To do
Begin with the line holding "Screenshot of alasviajesmexico.com.mx" and end with the last line of the records below. Set down exactly those lines and leave out every picture.

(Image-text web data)
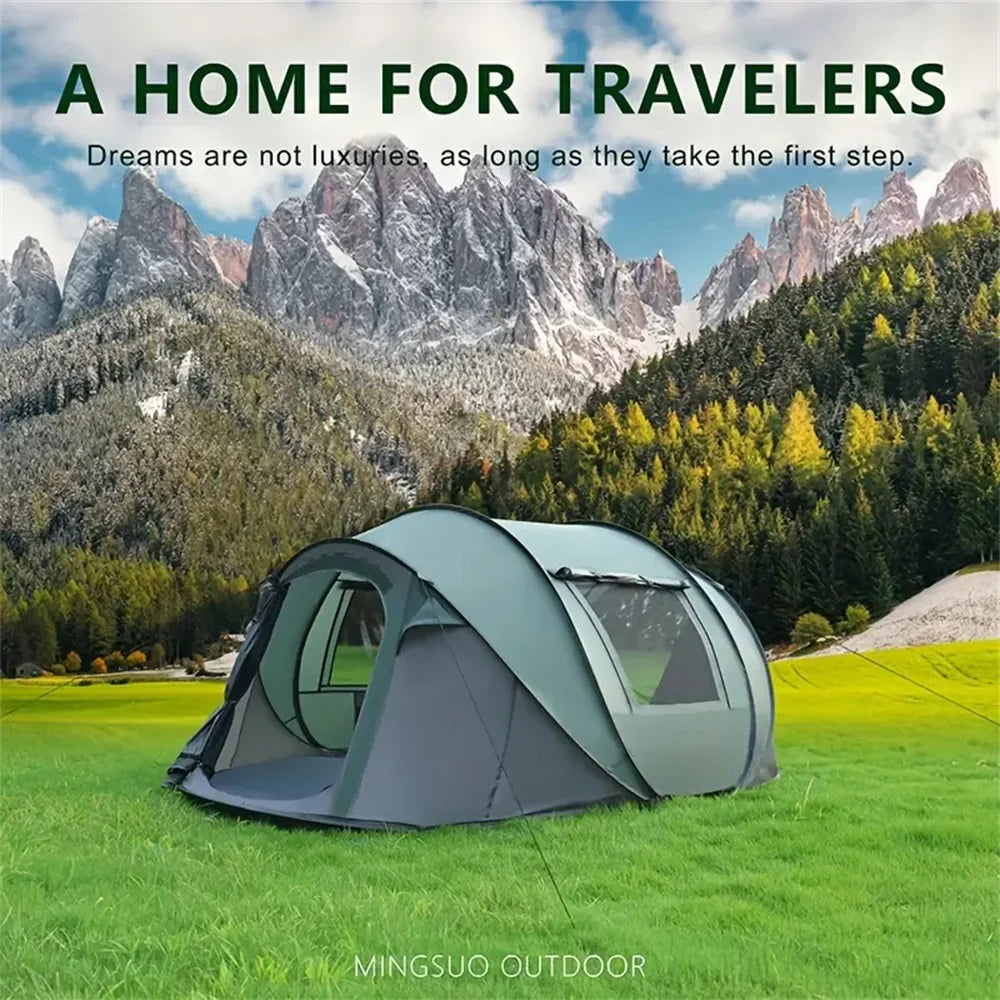 Camping tent voor weekendtrips – Licht en comfortabel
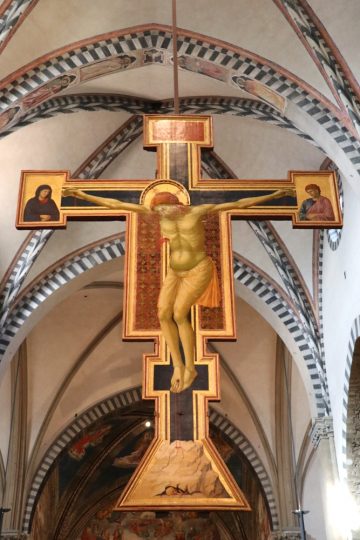 Giotto's Crucifix in Santa Maria Novella in Florence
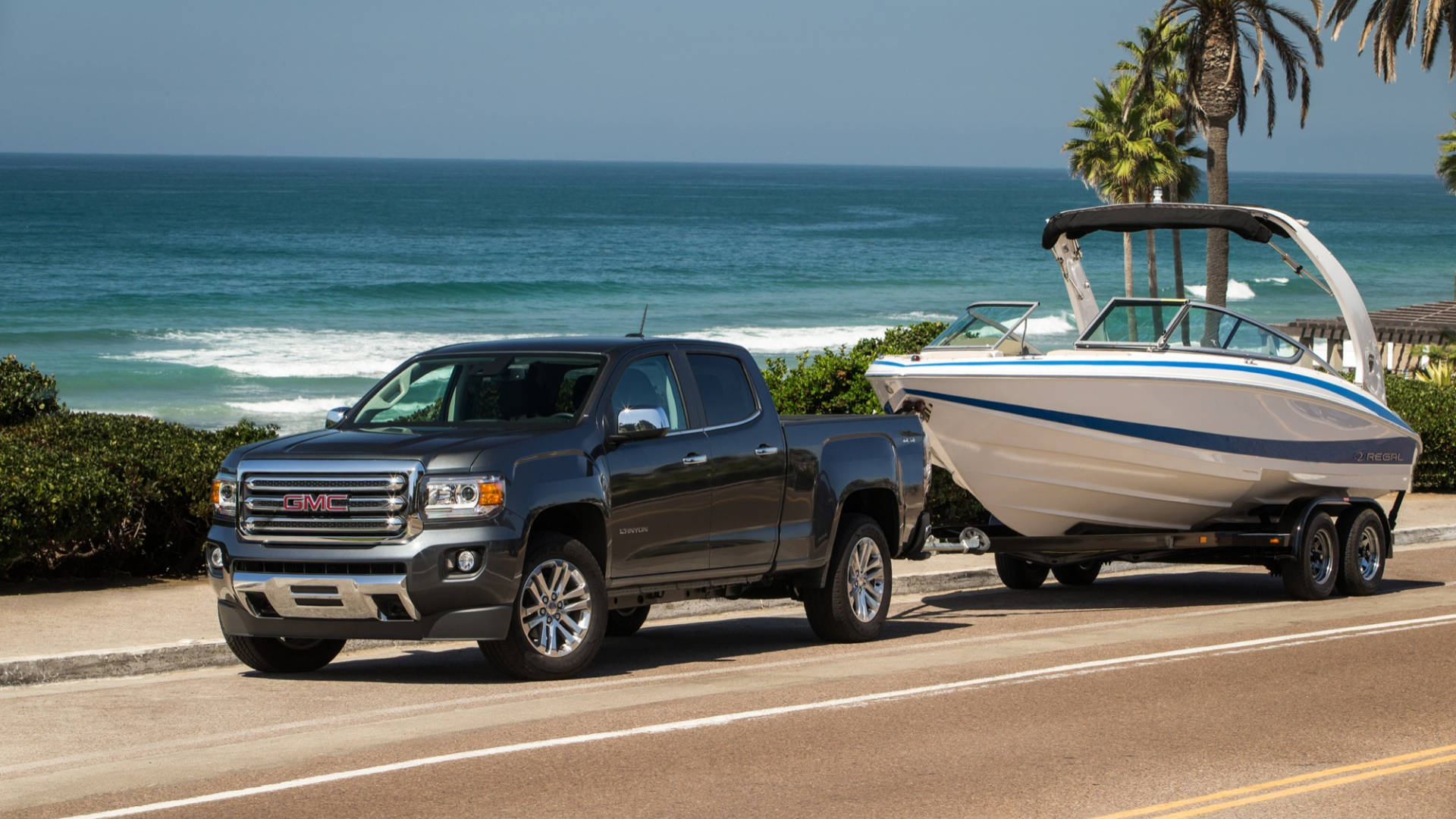 Adventurous Trip With Gmc Vehicle And Motor Boat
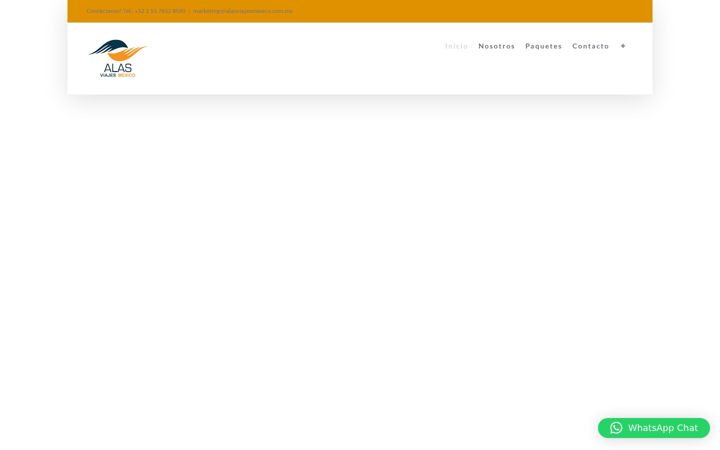 Screenshot of alasviajesmexico.com.mx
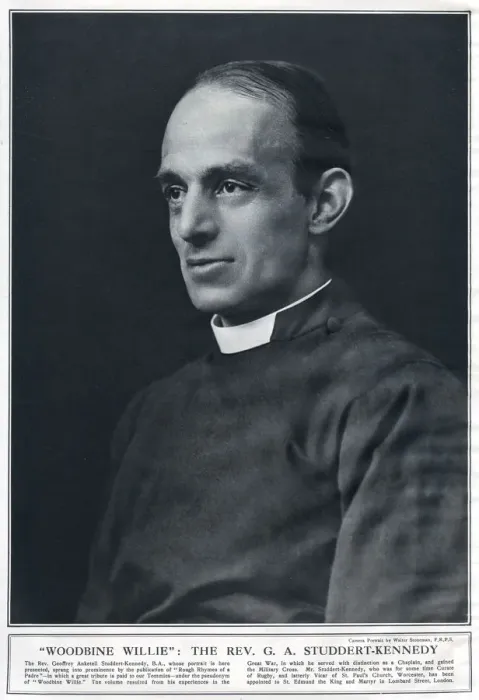 Framed Print : Woodbine Willie - Rev. G. A. Studdert-Kennedy Framed Print : Woodbine Willie - Rev. G. A. Studdert-Kennedy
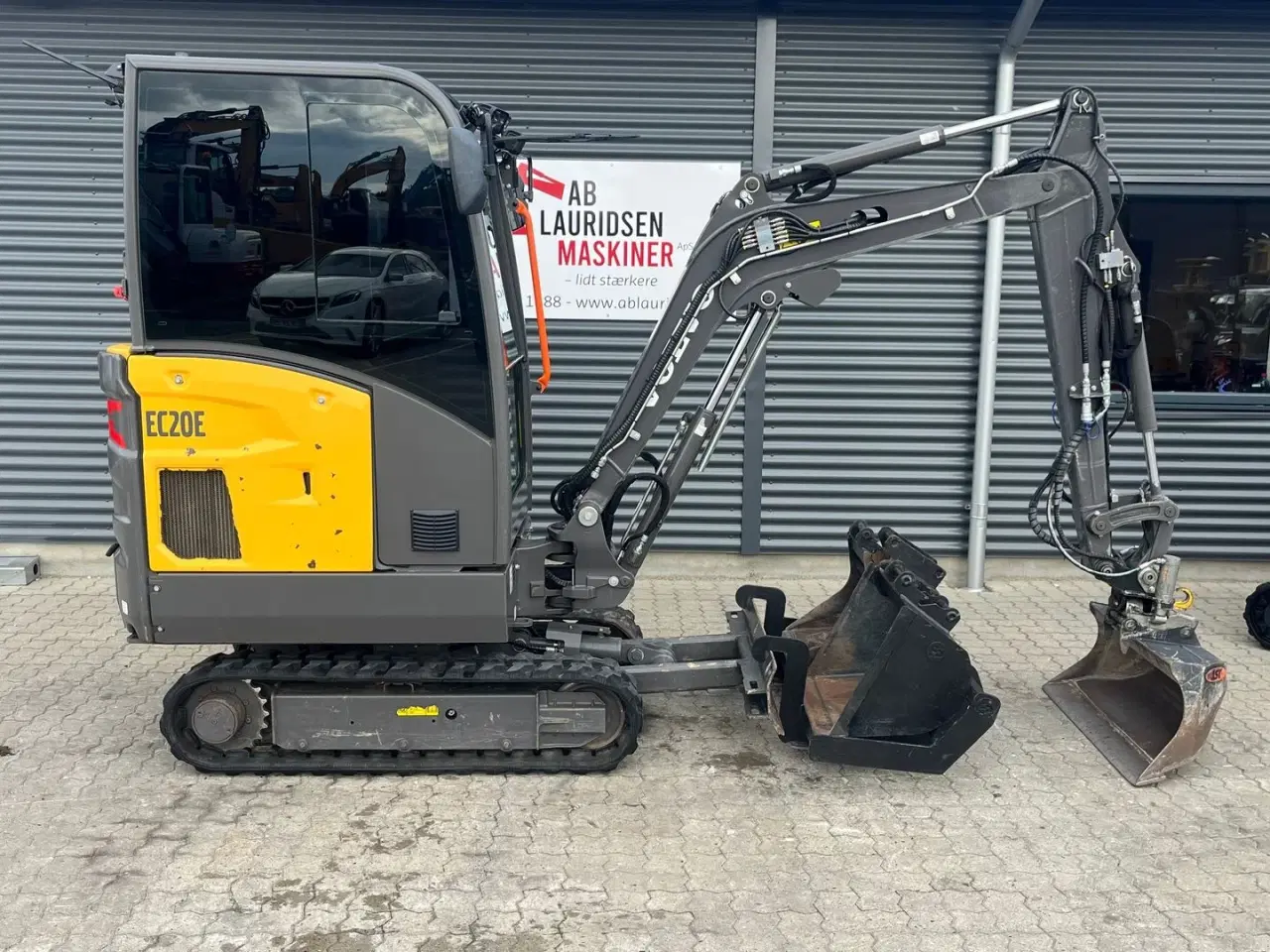 Billede 1 - Volvo EC20E Tiltman, centralsmørring og skovlpakke.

Answer box
 Screenshot of alasviajesmexico.com.mx
 Framed Print : Woodbine Willie - Rev. G. A. Studdert-Kennedy Framed Print : Woodbine Willie - Rev. G. A. Studdert-Kennedy
 Billede 1 - Volvo EC20E Tiltman, centralsmørring og skovlpakke.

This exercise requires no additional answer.